Marine Vs. Industrial Generators: What Are The Differences?

Industrial generator power generator diesel generator HVO Marine generator

­On the surface, marine and industrial generators appear to serve the same function – generating electrical power. They even operate on the same principle of converting fuel into energy. Despite these similarities, both are designed with specific requirements in mind to serve different environments and usages.

As the name implies, marine generators are built for the corrosive and demanding conditions of seawater environments, supplying electrical energy to power various applications and equipment onboard a boat or ship, such as the navigation system and air conditioner.

Meanwhile, industrial generators are more versatile, adapting to a wider array of settings, including data centres and manufacturing facilities. They generally serve as emergency backup power during microgrid failures or power outages.

However, their differences do not end here. Let us further break down the distinctions between both generators so that you can gain a better understanding of their tailored features, enabling you to make an informed decision on which equipment better suits your business needs. 
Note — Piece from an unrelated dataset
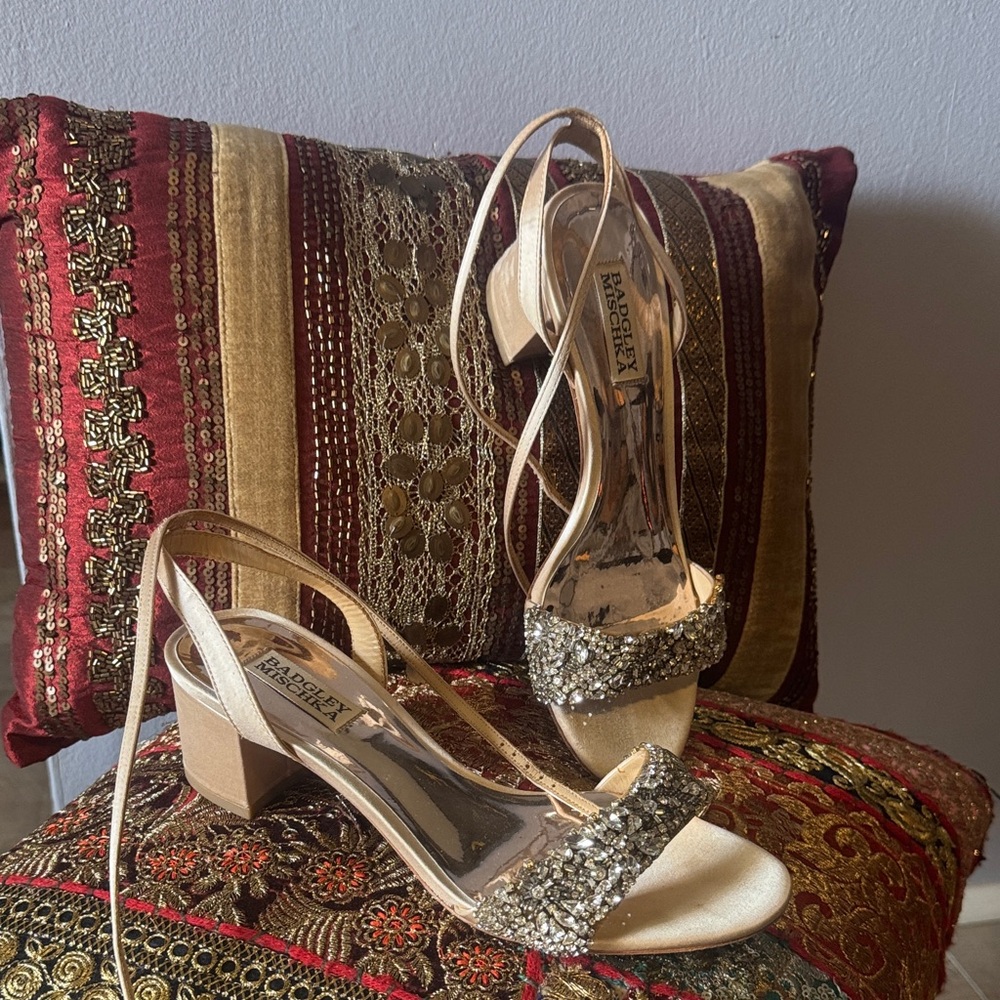 Badgley Mischka Glittering satin natural color no stains or missing stones colo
Difference #1: Different Operating Environments

The technical specifications of a marine and industrial generator can differ significantly due to their application. As marine generators must operate in corrosive and harsh seawater environments, they must be treated to safeguard against saltwater and moisture to prevent the steel and cast iron components within from wearing away quickly.

Conversely, industrial generators need not feature a special treatment against corrosion. Generally, they are equipped to handle dust, dirt, and extreme temperatures, which are commonly found in the environments they operate in, such as data centres, manufacturing plants, commercial buildings, hospitals, government facilities, and even mining operations. However, some customisation might be needed if they are installed in harsh or hazardous environments.
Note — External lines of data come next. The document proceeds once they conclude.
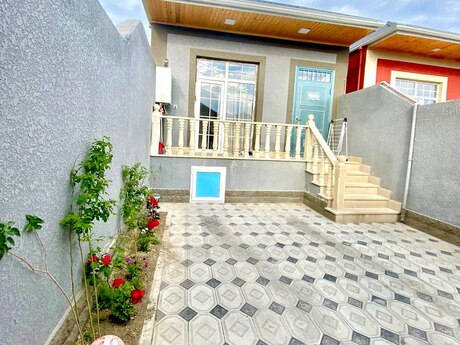 3 otaqlı həyət evi/bağ evi - Maştağa q. - 70 m²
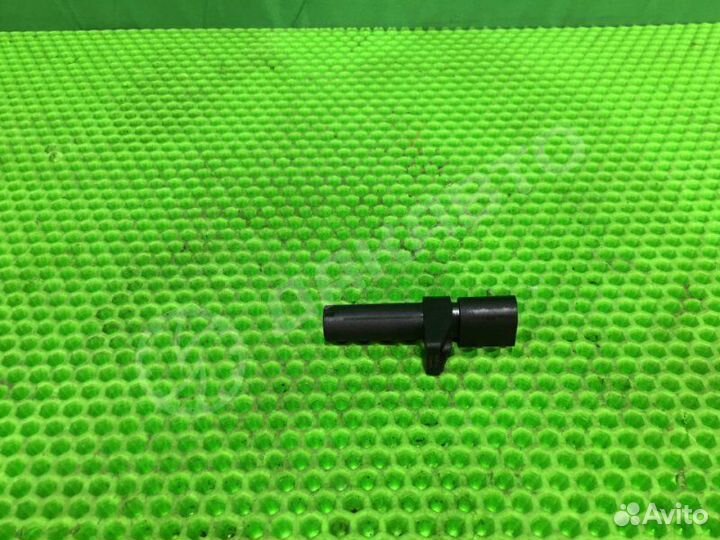 Датчик положения коленвала Mercedes-Benz E W211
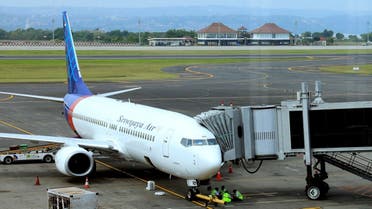 A Sriwijaya Air plane loads passengers at Denpassar international airport in Bali. (File photo: Reuters)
Difference #2: Type Of Cooling Systems

Due to the availability of a constant water source, marine generators typically rely on an open-loop cooling system, drawing water directly from the ocean via a pump to cool the engine before discharging it back into the sea. 

As industrial generators do not share this immediate access to a water source, they often use a closed-loop cooling system, with a mounted or remote radiator installed to dissipate the heat. A coolant is circulated through the radiator or heat exchanger, removing heat from the engine before releasing it into the atmosphere.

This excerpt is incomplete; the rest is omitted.